Jose N. Vazquez Figueroa blames “mental fatigue” for his missing a hearing in his own lawsuit challenging state Rep. Dan Raulerson‘s re-election this year.

Vazquez (via Facebook)

Vazquez may have even more on his mind: The Florida Elections Commission now is suing him for unpaid fines levied for campaign finance reporting irregularities from his unsuccessful 2014 campaign.

“Something’s wrong in Tallahassee,” he said in a Monday morning phone interview. “I don’t know whether they have something against candidates of the Democratic party or something against Hispanics or something against Jose Vazquez.”

Vazquez, who is representing himself, is seeking to disqualify Raulerson, a Plant City Republican, from his House District 58 seat. Vazquez was his unsuccessful Democratic opponent.

The suit says Raulerson’s notary had incorrectly used “correction fluid” on his filing paperwork. The state’s notary manual says no correction fluid of any kind is allowed on notarized documents.

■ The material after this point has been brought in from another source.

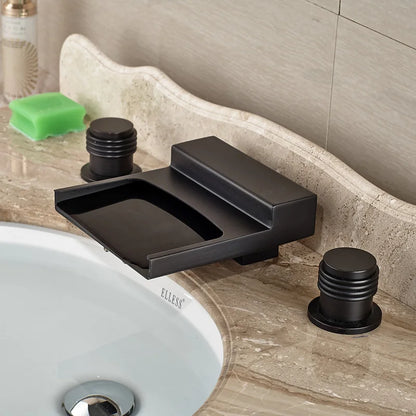 DecorBites™ Black Wide Waterfall Spout Faucet Double Handle Bathroom Mixer Taps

Specifically, Vazquez has said Raulerson’s notary “improperly completed” his paperwork by whiting out the date on her notarization of his financial disclosure, changing it from an April to a June date.

He sued Hillsborough County Supervisor of Elections Craig Latimer; Secretary of State Ken Detzner, the state’s chief elections officer; and Kristi Reid Bronson, records bureau chief for the Division of Elections, faulting all of them for not catching the error and allowing Raulerson to run in the first place.

But Vazquez missed a hearing last Wednesday in which he was supposed to explain why he should win his suit based on his initial filings.

He told he was “fatigued” and distracted by family problems and simply got his dates confused. He said he is going to request another hearing date.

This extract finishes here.